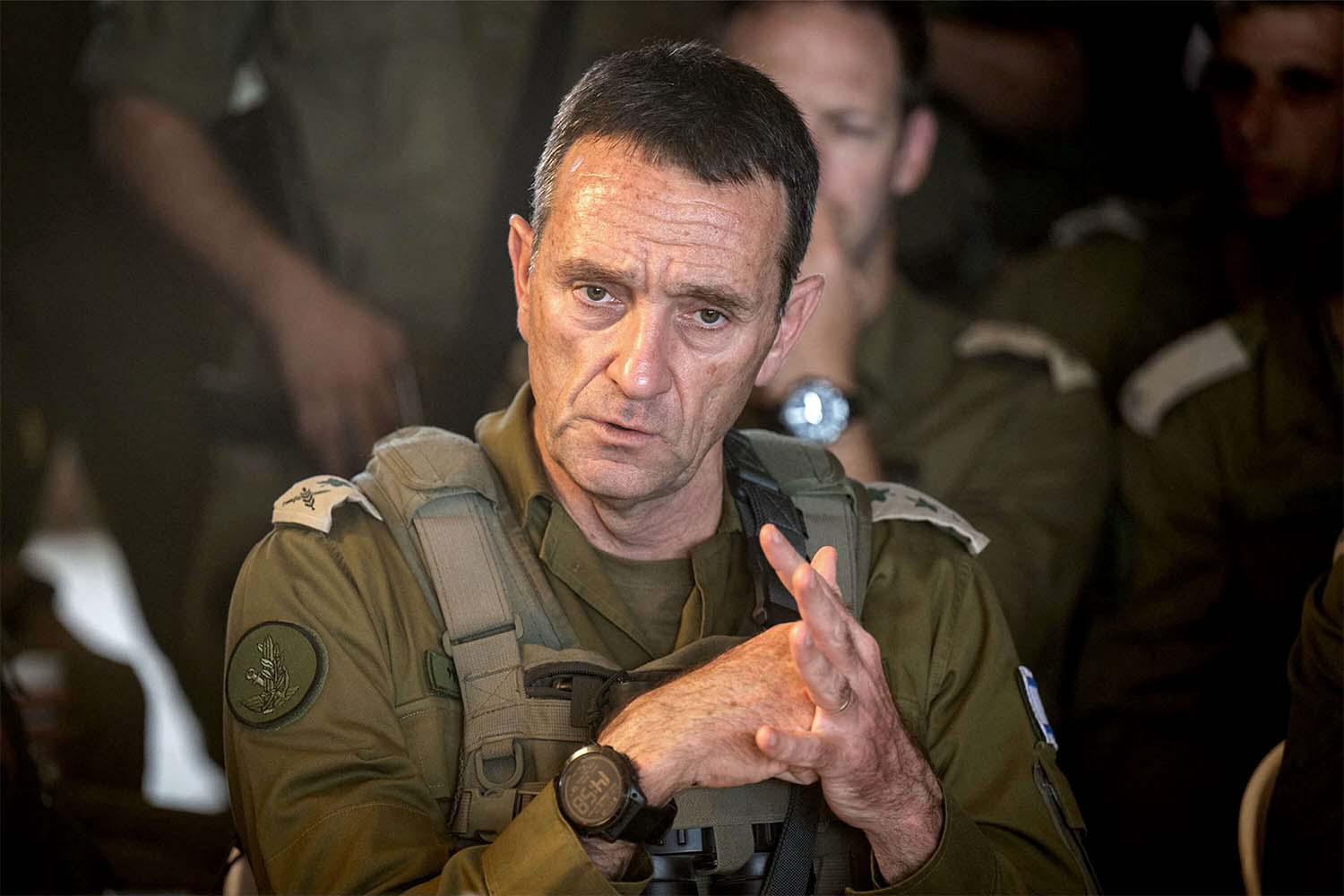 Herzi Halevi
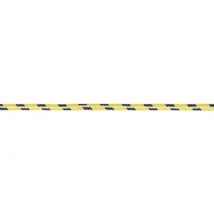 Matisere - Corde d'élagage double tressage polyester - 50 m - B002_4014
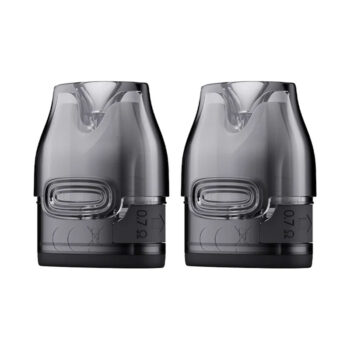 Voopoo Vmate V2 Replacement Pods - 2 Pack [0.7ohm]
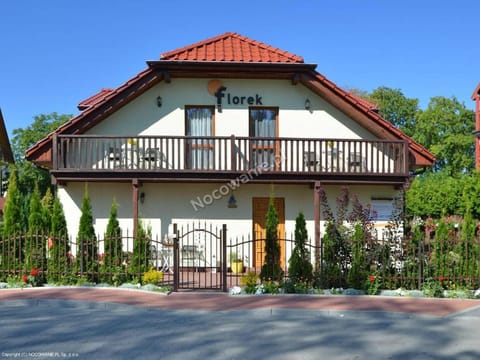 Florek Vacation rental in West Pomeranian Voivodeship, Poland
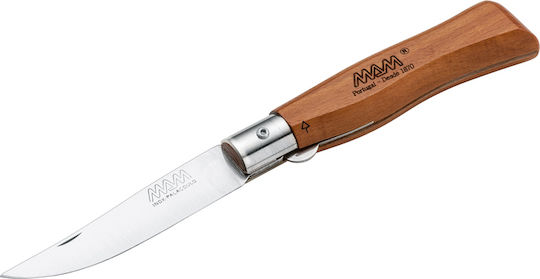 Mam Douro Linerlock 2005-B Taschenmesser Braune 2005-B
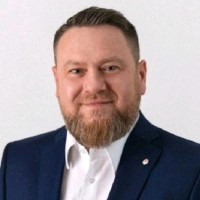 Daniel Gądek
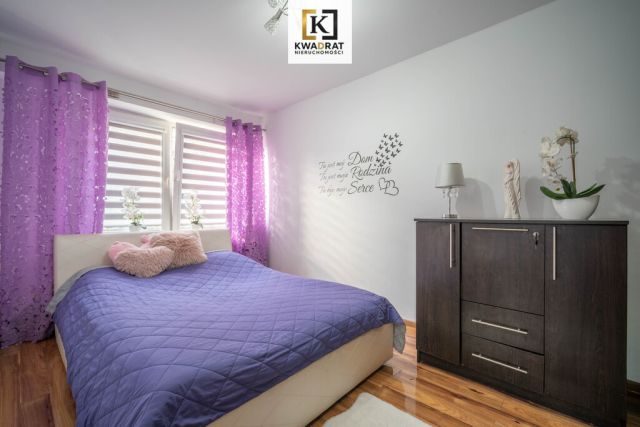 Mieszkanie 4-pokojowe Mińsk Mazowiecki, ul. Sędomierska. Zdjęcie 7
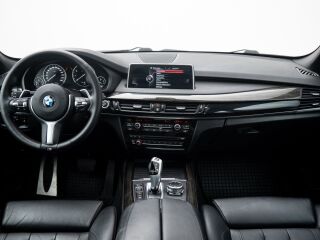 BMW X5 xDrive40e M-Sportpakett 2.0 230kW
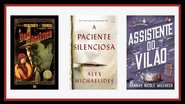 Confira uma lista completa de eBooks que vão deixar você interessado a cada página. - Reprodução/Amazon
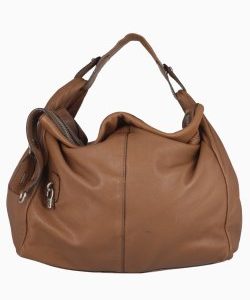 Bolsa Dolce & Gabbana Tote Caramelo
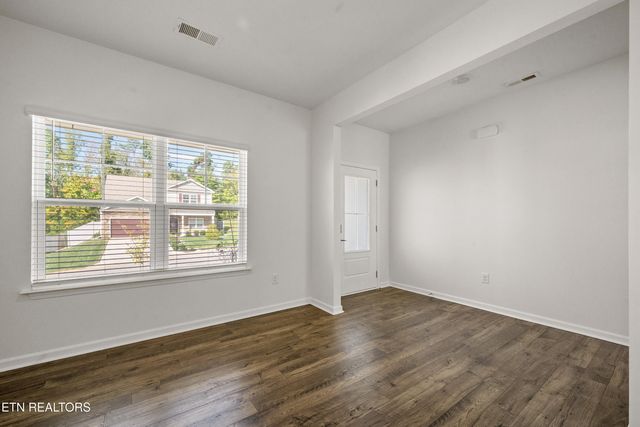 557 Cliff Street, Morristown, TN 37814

▶ **Brief**
Type out all of the records exactly, leaving out any picture.

▶ **Output for this task**
 Herzi Halevi
 Matisere - Corde d'élagage double tressage polyester - 50 m - B002_4014
 Voopoo Vmate V2 Replacement Pods - 2 Pack [0.7ohm]
 Florek Vacation rental in West Pomeranian Voivodeship, Poland
 Mam Douro Linerlock 2005-B Taschenmesser Braune 2005-B
 Daniel Gądek
 Mieszkanie 4-pokojowe Mińsk Mazowiecki, ul. Sędomierska. Zdjęcie 7
 BMW X5 xDrive40e M-Sportpakett 2.0 230kW
 Confira uma lista completa de eBooks que vão deixar você interessado a cada página. - Reprodução/Amazon
 Bolsa Dolce & Gabbana Tote Caramelo
 557 Cliff Street, Morristown, TN 37814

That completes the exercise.